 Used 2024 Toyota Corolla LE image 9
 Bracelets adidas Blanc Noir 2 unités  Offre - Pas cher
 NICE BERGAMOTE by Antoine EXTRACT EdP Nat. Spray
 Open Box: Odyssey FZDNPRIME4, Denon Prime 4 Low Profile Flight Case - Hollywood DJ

==

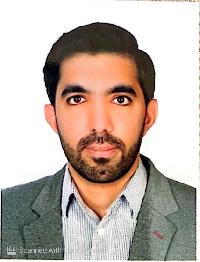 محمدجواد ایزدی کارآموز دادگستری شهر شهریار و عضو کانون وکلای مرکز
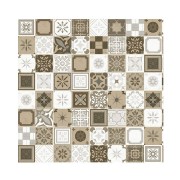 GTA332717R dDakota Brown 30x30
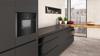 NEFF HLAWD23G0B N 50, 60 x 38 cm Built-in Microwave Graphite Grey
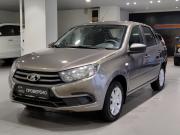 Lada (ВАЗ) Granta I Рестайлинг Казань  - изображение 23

---

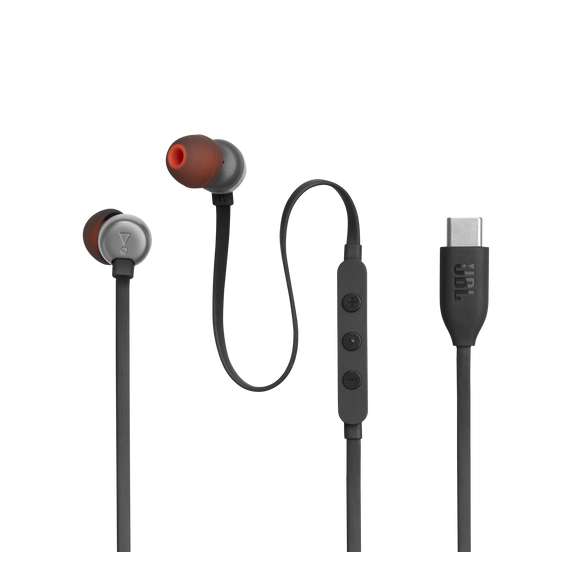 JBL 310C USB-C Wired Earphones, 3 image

**Task to carry out:** Your answer must be the exact lines from the records above, from the one containing "GTA332717R dDakota Brown 30x30" through the one containing "Lada (ВАЗ) Granta", both included, with every picture left out.

**Solution:**
 GTA332717R dDakota Brown 30x30
 NEFF HLAWD23G0B N 50, 60 x 38 cm Built-in Microwave Graphite Grey
 Lada (ВАЗ) Granta I Рестайлинг Казань  - изображение 23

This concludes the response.